The effort and care of extensive fieldwork by Dixit over several years is reflected in the richness of information and insights presented in the book. However, the excellent material could have been contextualised more rigorously. While writing and publishing conventions do not place journalists under the obligation to provide an explicit audit trail of sources and a list of references, such a practice, even via simple footnotes, does serve a worthwhile purpose. It leads curious readers to background information that is perhaps not immediately relevant to the text but may help in understanding its place in a wider context. For example, it would have been helpful to general readers to read a footnote on how the 2013 collapse of Rana Plaza, one of the deadliest industrial disasters, where over 1,100 workers died in Dhaka, Bangladesh, brought global attention to the wretched conditions of workers in South Asia and opened up space for conversation, collectivisation, and demands for reform. Similarly, mentioning that several successful and unsuccessful attempts have been made to organise women workers in the informal sector in India would have been helpful, too. The Self-Employed Women’s Association is one of the most prominent examples of such organising.
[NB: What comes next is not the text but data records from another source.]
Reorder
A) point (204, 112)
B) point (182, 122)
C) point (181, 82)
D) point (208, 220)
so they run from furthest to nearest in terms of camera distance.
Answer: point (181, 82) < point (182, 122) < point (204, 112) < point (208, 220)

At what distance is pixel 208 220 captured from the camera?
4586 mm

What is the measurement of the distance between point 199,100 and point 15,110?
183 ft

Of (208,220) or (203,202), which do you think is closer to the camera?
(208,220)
The book brims with pathos, but the empathy extended to the protagonist by the author in earlier parts of the book begins to appear obliquely constrained towards the end. On rereading several parts, it appears that the author has put in a lot of effort to understand and represent Syeda, the worker, but not much space has been afforded to Syeda, the woman, or more specifically, a Muslim woman. For instance, a few of Syeda’s outbursts, first against her son and then later her daughter for what amounted to transgressions in Syeda’s eyes, in the last couple of chapters may not necessarily be motivated by or inflected through patriarchal conditioning. They just may have been a genuine expression of disappointment and loss, and perhaps merited a more-sensitive engagement. These are also among the few instances where the author applies a fixed interpretative frame as opposed to letting the readers make up their own minds.
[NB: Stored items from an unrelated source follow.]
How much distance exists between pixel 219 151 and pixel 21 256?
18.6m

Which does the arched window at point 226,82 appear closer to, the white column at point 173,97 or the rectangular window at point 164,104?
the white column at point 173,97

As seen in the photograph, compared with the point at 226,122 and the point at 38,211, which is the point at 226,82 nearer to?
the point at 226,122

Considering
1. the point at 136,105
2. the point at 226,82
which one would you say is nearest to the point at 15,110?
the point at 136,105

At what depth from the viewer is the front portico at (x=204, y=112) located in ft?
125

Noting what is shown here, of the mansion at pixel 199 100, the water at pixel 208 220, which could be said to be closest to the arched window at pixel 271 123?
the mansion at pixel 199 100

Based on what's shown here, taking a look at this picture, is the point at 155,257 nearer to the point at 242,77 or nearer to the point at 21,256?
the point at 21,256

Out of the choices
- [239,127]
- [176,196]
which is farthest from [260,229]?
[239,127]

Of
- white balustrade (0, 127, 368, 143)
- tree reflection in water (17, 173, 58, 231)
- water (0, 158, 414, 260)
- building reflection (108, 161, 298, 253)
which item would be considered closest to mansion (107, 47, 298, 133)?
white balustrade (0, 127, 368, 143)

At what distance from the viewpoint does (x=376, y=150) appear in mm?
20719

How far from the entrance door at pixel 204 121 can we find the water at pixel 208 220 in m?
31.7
Dixit does a thorough job of chronicling Syeda’s story and the people, places, and circumstances around her. The documentation of conversations and observations is meticulous and gives a clear sense of spaces and chronology. The writing is accessible, and the commentary, wry and cheeky in turns, draws the reader in by validating their emotional response to the narrative. Dixit has briefly flagged important social, political, and economic events that run concurrently with Syeda’s life story through headline-like texts throughout the book. This distant background narrative is complemented by details of the work that Syeda does. The use of repetition and rhythm in describing workspaces, production processes, going piece rates, and monthly earnings works particularly well. The book will interest early career researchers in anthropology, labour, and gender. However, as a document of contemporary journalism, it needs to be read much more widely. Affordable translated editions in other Indian languages will definitely help its outreach.
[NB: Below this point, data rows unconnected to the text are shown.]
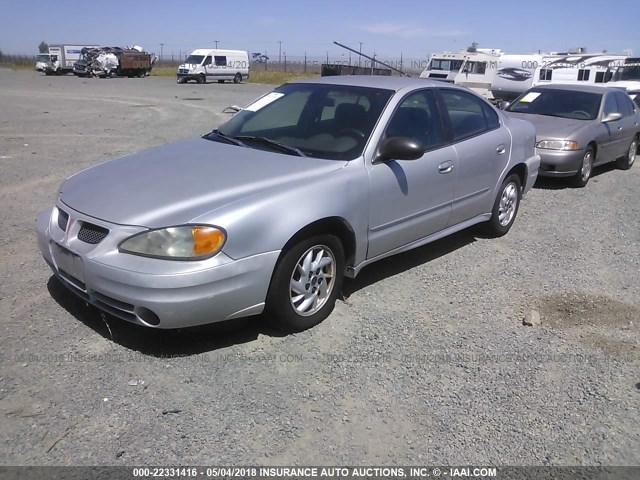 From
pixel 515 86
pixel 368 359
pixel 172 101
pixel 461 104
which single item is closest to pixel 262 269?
pixel 368 359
Millions are spent on advertising, public relations, and much of contemporary mainstream news media to hide or obscure the abysmal conditions in which the masses survive. As Dixit puts it in the book, ‘You can’t show a story on malnutrition if you have to sell pressure cookers and microwaves.’ The Many Lives of Syeda X goes to great lengths to bring into public consciousness the fact that much of what all of us use and consume every day is made by a severely exploited underclass. And, importantly, it even gets the readers to care.